I am trying to figure out a situation where PHP is not consuming a lot of memory but instead causes a very high Committed_AS
result.
Take this munin memory report for example:
As soon as I kick off our Laravel queue (10 ~ 30 workers), committed memory goes through the roof. We have 2G mem + 2G swap on this vps instance and so far there are about 600M unused memory (that's about 30% free).
If I understand Committed_AS
correctly, it's meant to be a 99.9% guarantee no out of memory
issue given current workload, and it seems to suggest we need to triple our vps memory just to be safe.
I tried to reduce the number of queues from 30 to around 10, but as you can see the green line is quite high.
As for the setup: Laravel 4.1 with PHP 5.5 opcache enabled. The upstart script we use spawn instance like following:
instance $N
exec start-stop-daemon --start --make-pidfile --pidfile /var/run/laravel_queue.$N.pid --chuid $USER --chdir $HOME --exec /usr/bin/php artisan queue:listen -- --queue=$N --timeout=60 --delay=120 --sleep=30 --memory=32 --tries=3 >> /var/log/laravel_queue.$N.log 2>&1
I have seen a lot of cases when high swap use imply insufficient memory, but our swap usage is low, so I am not sure what troubleshooting step is appropriate here.

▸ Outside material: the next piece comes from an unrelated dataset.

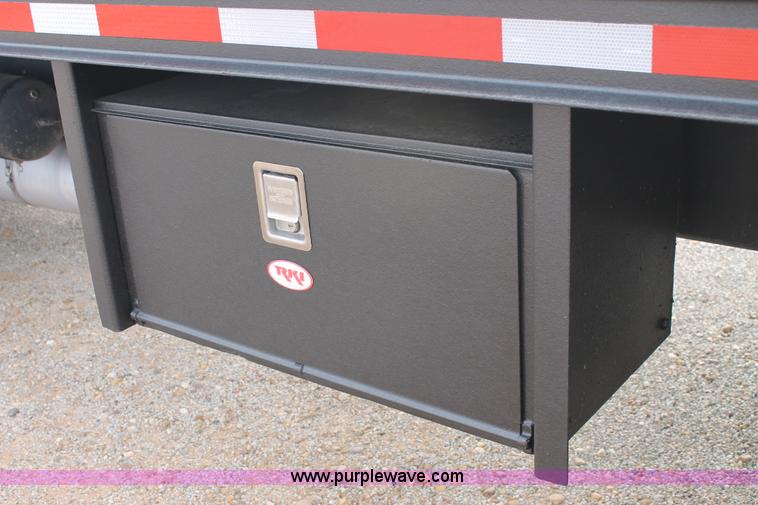 image for item H1575 2002 Chevrolet C8500 flatbed truck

PS: we don't have this problem prior to Laravel 4.1 and our vps upgrade, here is an image to prove that.
Maybe I should rephrase my question as: how are Committed_AS calculated exactly and how does PHP factor into it?
Updated 2014.1.29:
I had a theory on this problem: since laravel queue worker actually use PHP sleep()

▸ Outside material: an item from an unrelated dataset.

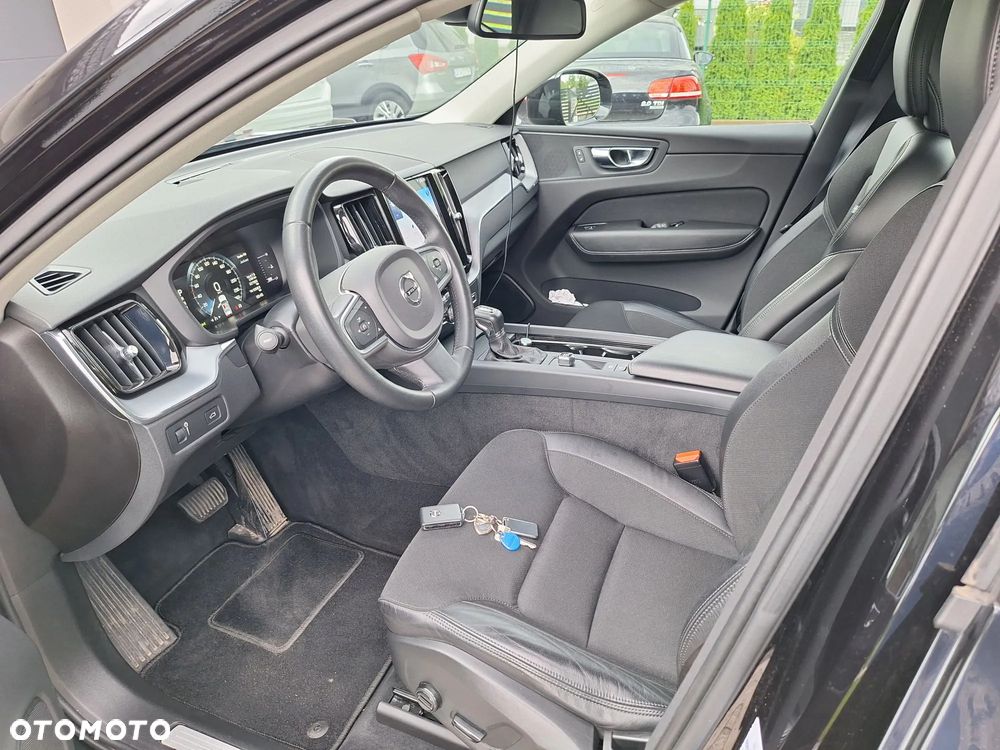 Volvo XC 60 D4 AWD Geartronic Momentum - 11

when waiting for new job from queue (in my case beanstalkd
), it would suggest the high Committed_AS
estimation is due to the relatively low workload and relatively high memory consumption.
This make sense as I see Committed_AS
~= avg. memory usage / avg. workload
. As PHP sleep()
properly, little to no CPU are used; yet whatever memory it consumes is still reserved. Which result in server thinking: hey, you use so much memory (on average) even when load is minimal (on average), you should be better prepared for higher load (but in this case, higher load doesn't result in higher memory footprint)
If anyone would like to test this theory, I will be happy to award the bounty to them.